Activity → What is needed is an exact copy of every line from the one containing "Alkalmi gyerek tornacipő" through the end of the entries; please set it down without any pictures.

################

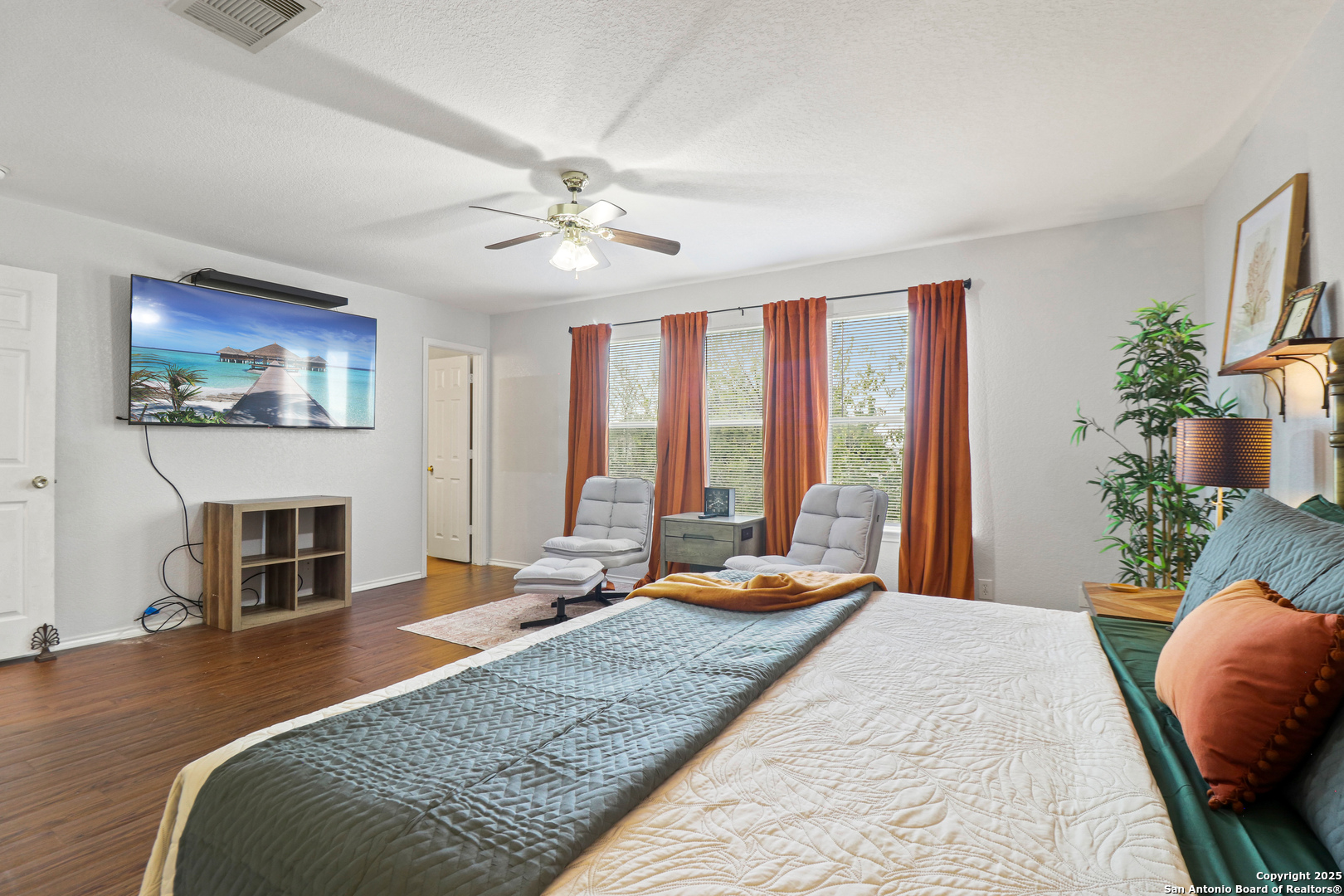 7451 Circle Farm San Antonio TX 78239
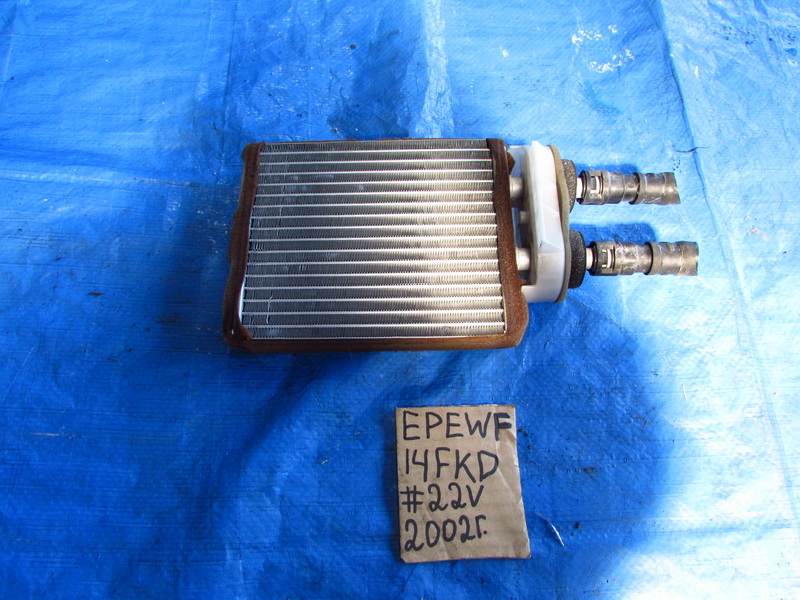 Радиатор печки Ford Escape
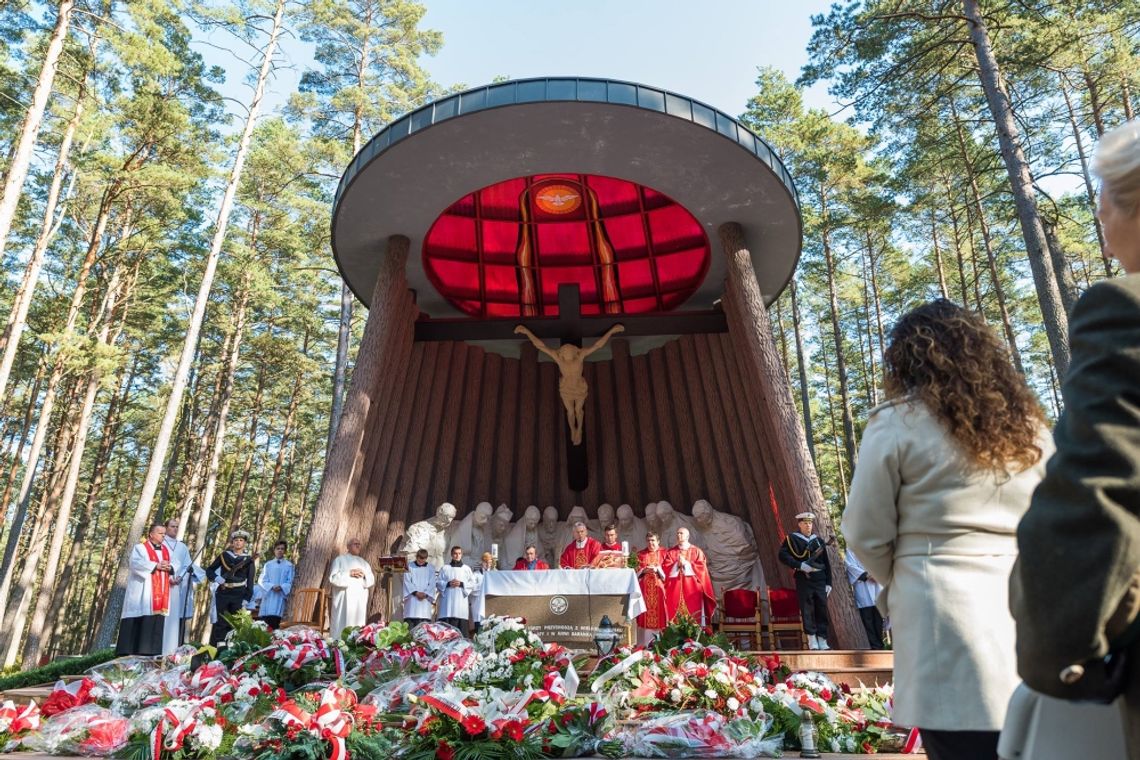 Ku pamięci... Uroczystości w Lesie Piaśnickim.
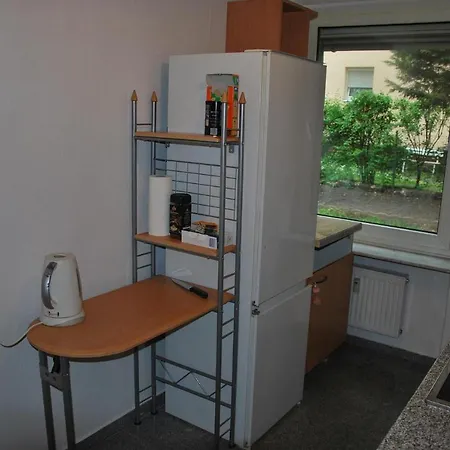 Cozy 2 Br Near Deutz *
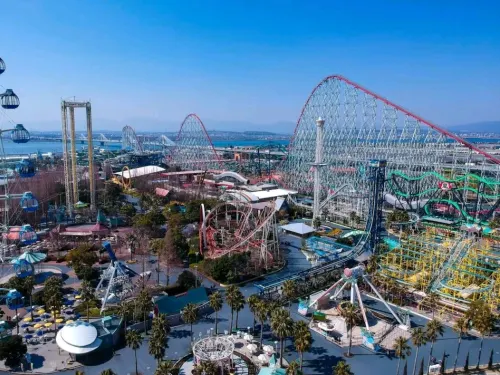  。🎢✨ 스릴 마니아라면 절대 놓쳐서는 안 될 일본의 유명 테마파크, '나가시마 스파랜드'! 무시무시한 롤러코스터와 세계적인 어트랙션으로 명성이 자자한 곳이죠. 아침부터 밤까지 짜릿한 즐거움으로 가득하며, 특히 세계 최상위권의 높이와 속도, 길이를 자랑하는 초대형 롤러코스터 '스틸 드래곤 2000'은 아찔한 스릴을 사랑하는 분들께 최고의 쾌감을 선사합니다 🎡🔥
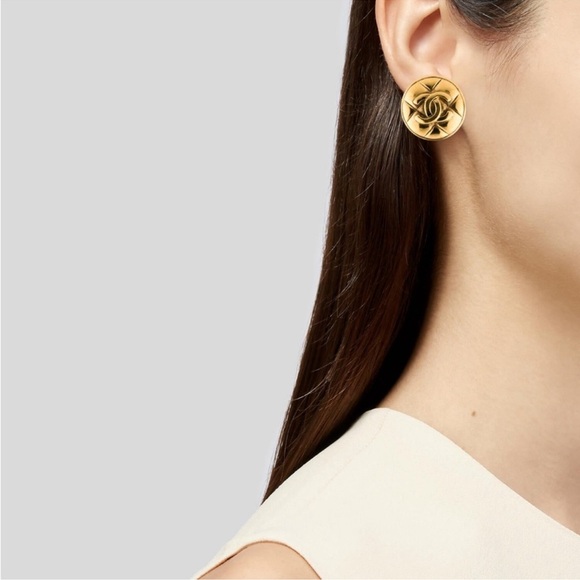 Authentic Chanel CC Gold Logo clip on earrings - Picture 9 of 10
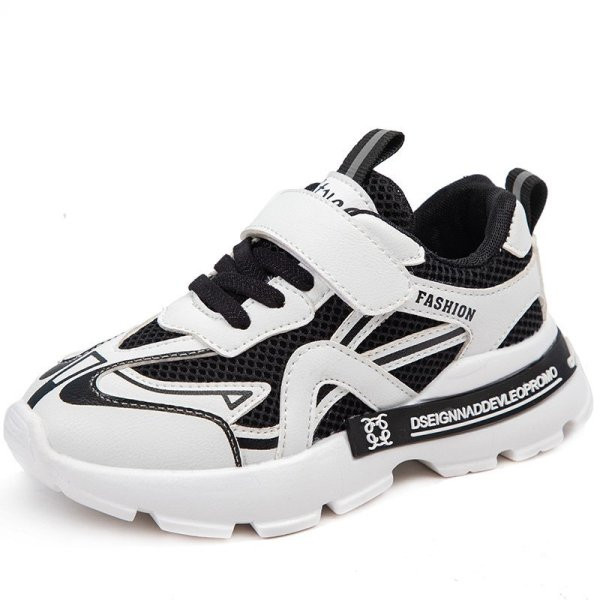 Alkalmi gyerek tornacipő fűzővel és matricákkal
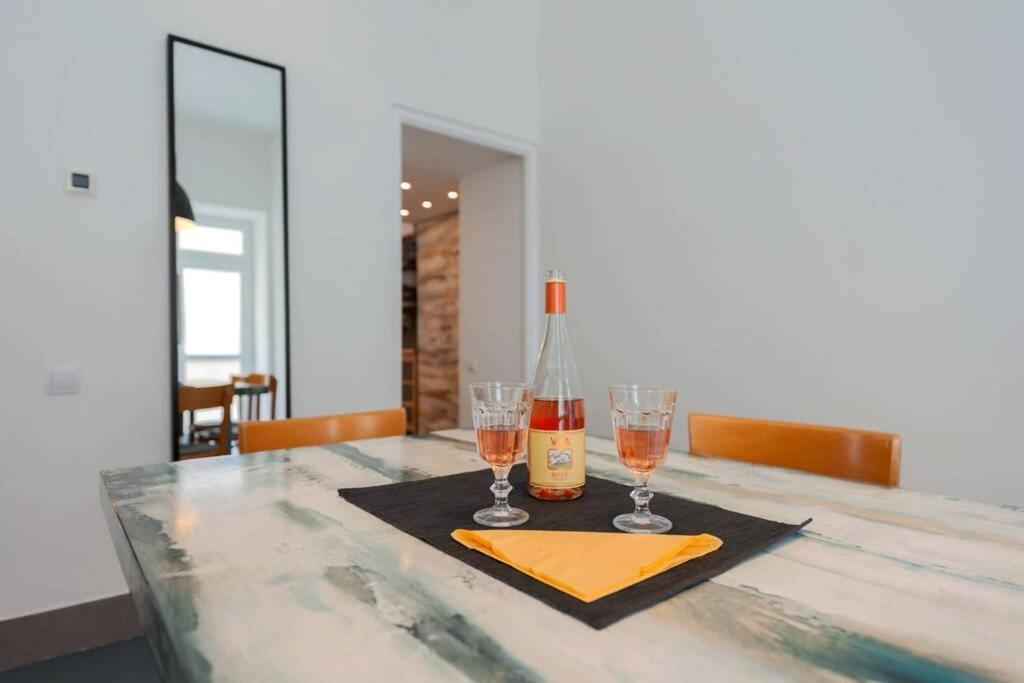 Modern Stylish 2 Bedroom Holiday Apartment Budapest Exterior photo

################

Solved exercise →
 Alkalmi gyerek tornacipő fűzővel és matricákkal
 Modern Stylish 2 Bedroom Holiday Apartment Budapest Exterior photo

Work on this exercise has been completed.